Stochastic and robust model predictive control (SMPC and RMPC) [1,2] have shown strong potential in the control of grid-interactive efficient buildings, due to their ability to account for uncertain and dynamic exogenous disturbances such as ambient temperature, internal heat gains from occupancy, and plug loads. Designing SMPC/RMPC systems that remain robust under rare or extreme disturbances requires access to diverse and representative disturbance scenarios. However, current practice often relies on handcrafted scenarios or simple generative models (e.g., Gaussian process and measurement noise), which fail to capture the complexity and diversity of real-world building operations – potentially leading to over-conservative or unrepresentative control strategies.
To address this gap, we propose a new framework that formulates the discovery of diverse disturbance scenarios as a combinatorial multi-armed bandit (CMAB) problem [3] (an extension of the classical multi-arm bandit problem [4]).
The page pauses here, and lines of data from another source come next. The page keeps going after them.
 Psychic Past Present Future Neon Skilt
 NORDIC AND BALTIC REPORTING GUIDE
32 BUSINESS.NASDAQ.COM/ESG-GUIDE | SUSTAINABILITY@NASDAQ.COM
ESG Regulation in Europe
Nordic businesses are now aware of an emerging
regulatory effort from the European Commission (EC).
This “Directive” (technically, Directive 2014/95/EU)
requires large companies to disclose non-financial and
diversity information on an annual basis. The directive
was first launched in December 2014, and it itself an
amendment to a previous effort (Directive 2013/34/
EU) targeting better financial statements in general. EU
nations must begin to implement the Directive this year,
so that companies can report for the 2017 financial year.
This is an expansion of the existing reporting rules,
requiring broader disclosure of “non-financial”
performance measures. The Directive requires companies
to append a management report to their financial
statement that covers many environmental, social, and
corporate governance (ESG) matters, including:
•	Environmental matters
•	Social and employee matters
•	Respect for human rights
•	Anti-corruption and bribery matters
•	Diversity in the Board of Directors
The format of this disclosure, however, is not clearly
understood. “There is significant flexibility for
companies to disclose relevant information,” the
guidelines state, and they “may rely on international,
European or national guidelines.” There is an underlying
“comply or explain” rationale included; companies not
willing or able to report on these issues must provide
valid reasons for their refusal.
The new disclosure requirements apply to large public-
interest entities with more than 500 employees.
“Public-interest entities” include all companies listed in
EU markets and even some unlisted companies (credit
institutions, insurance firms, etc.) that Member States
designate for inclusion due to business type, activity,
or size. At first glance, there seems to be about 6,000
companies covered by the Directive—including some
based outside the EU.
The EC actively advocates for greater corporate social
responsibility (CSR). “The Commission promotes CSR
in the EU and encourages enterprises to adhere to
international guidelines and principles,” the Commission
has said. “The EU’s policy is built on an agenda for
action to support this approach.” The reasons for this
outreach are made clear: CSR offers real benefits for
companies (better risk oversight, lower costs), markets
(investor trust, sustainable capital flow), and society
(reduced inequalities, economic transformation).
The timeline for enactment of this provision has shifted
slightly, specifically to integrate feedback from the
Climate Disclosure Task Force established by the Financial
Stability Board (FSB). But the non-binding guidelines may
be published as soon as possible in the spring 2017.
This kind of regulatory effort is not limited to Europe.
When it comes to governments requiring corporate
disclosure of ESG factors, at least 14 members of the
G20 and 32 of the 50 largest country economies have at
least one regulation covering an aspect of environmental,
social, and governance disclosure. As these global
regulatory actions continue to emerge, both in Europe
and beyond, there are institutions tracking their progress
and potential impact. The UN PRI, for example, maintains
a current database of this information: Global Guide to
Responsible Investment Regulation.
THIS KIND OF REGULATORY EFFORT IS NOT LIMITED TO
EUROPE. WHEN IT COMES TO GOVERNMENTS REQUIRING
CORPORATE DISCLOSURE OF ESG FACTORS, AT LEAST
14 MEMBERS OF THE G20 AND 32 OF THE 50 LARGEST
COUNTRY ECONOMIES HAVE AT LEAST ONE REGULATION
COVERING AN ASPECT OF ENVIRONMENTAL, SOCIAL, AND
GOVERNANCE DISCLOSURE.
In this formulation, each “super arm” (i.e., subset of base arms) corresponds to a set of disturbance scenarios selected from historical or synthetic data. A diversity-based reward is defined using pairwise Dynamic Time Warping (DTW) distances [5] between simulation trajectories, and the Combinatorial Upper Confidence Bound (CUCB) algorithm is used to maximize this reward over repeated rounds of simulation. This enables the automatic selection of scenario sets that induce maximally diverse building control responses.
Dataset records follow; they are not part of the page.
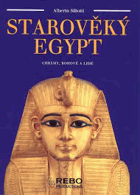 Starověký Egypt - chrámy, bohové a lidé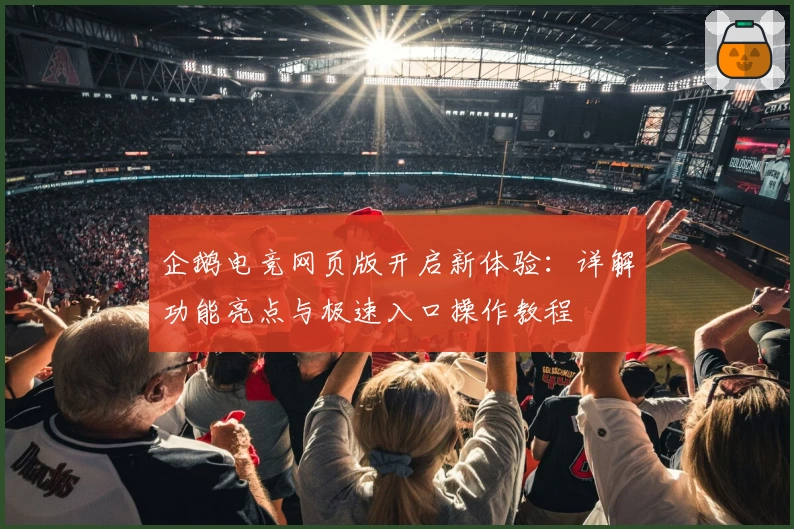 企鹅电竞网页版开启新体验：详解功能亮点与极速入口操作教程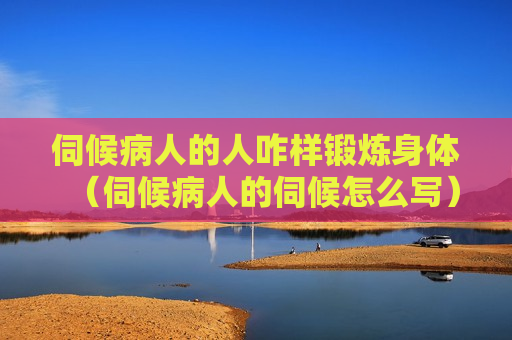 伺候病人的人咋样锻炼身体（伺候病人的伺候怎么写）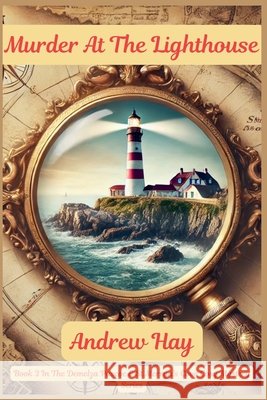 Murder At The Lighthouse Hay, Andrew 9798232198374 Reading Lamp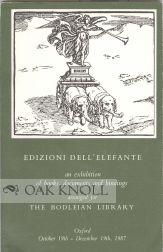 EDIZIONI DELL'ELEFANTE AN EXHIBITION OF BOOKS, DOCUMENTS AND BINDINGS ARANGED FOR THE BODLEIAN...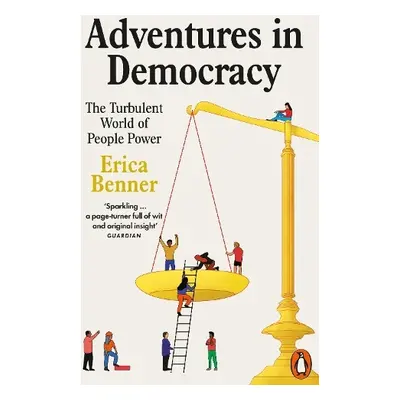 Adventures in Democracy - Benner, Erica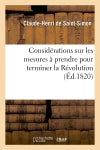 Considérations sur les mesures à prendre pour terminer la Révolution Politics & History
To enhance diversity in scenarios beyond what is available in measured datasets, we integrate a time-series diffusion model, Diffusion-TS [6], trained on multi-year disturbance data from a multi-zone office building in Japan. The generative model enables sampling of realistic yet novel disturbance trajectories, thereby expanding the search space for the CUCB algorithm. Our computational experiments show that the proposed framework identifies high-diversity disturbance sets more effectively than greedy baselines, and that the inclusion of synthetic data further improves performance. This hybrid CMAB-diffusion approach provides a scalable and flexible way to generate robust training scenarios for advanced building control strategies.
References:
[1] Pippia, T., Lago, J., De Coninck, R., & De Schutter, B. (2021). Scenario-based nonlinear model predictive control for building heating systems. Energy and Buildings, 247, 111108.
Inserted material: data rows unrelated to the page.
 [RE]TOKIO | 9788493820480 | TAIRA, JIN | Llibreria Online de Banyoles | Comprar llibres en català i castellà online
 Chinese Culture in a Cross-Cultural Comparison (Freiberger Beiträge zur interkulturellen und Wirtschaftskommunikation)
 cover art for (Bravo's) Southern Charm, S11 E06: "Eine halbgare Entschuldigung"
[2] Gao, Y., Miyata, S., & Akashi, Y. (2023). Energy saving and indoor temperature control for an office building using tube-based robust model predictive control. Applied Energy, 341, 121106.
[3] Chen, W., Wang, Y., & Yuan, Y. (2013, February). Combinatorial multi-armed bandit: General framework and applications. In International conference on machine learning (pp. 151-159). PMLR.
[4] Lattimore, T., & Szepesvári, C. (2020). Bandit algorithms. Cambridge University Press.
[5] Müller, M. (2007). Dynamic time warping. Information retrieval for music and motion, 69-84.
[6] Yuan, X., & Qiao, Y. (2024). Diffusion-TS: Interpretable diffusion for general time series generation. arXiv preprint arXiv:2403.01742.